*DATA SECTION*:
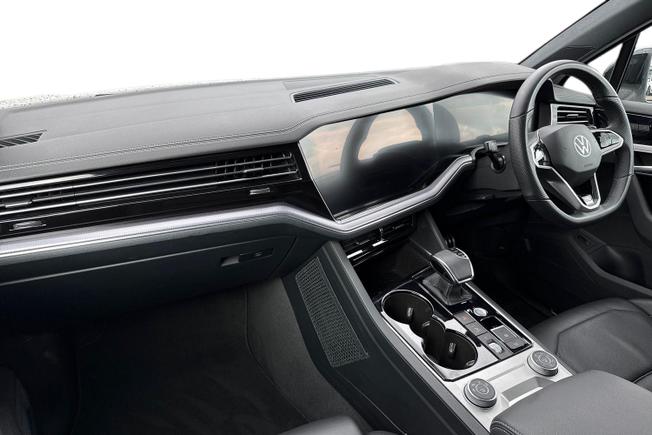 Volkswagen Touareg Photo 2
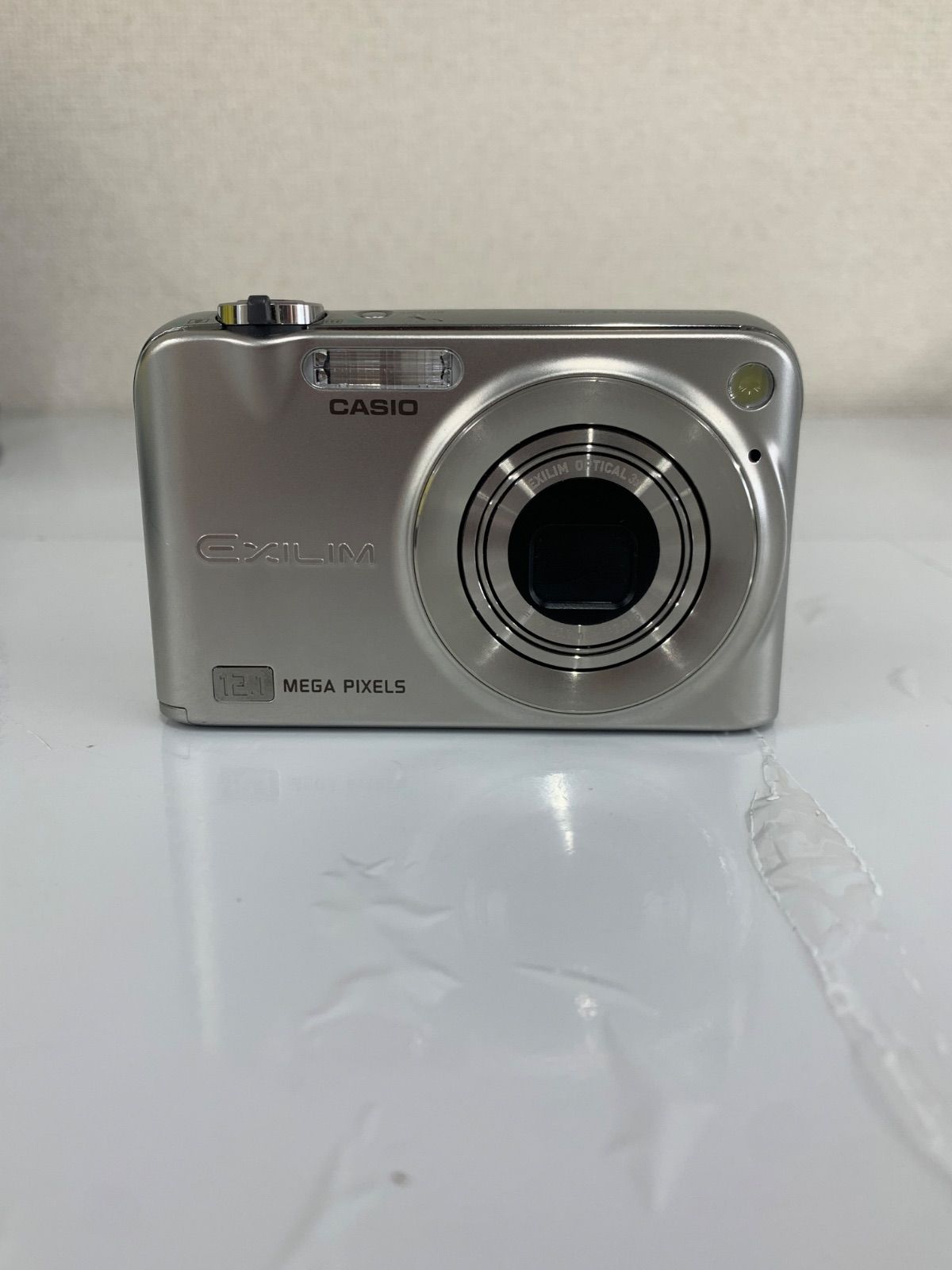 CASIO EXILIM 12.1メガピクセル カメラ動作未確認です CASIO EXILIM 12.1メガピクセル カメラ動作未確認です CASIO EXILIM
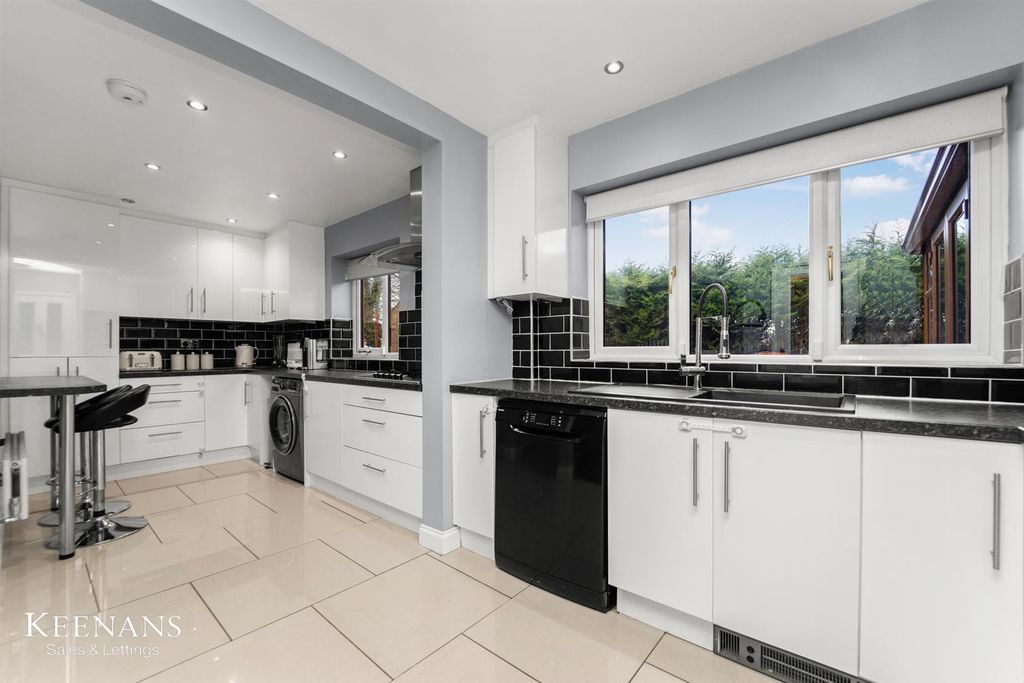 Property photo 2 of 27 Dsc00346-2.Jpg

*EXERCISE DETAILS*:
Copy out the data verbatim, with no pictures.

*RESULT OF THE TASK*:
 Volkswagen Touareg Photo 2
 CASIO EXILIM 12.1メガピクセル カメラ動作未確認です CASIO EXILIM 12.1メガピクセル カメラ動作未確認です CASIO EXILIM
 Property photo 2 of 27 Dsc00346-2.Jpg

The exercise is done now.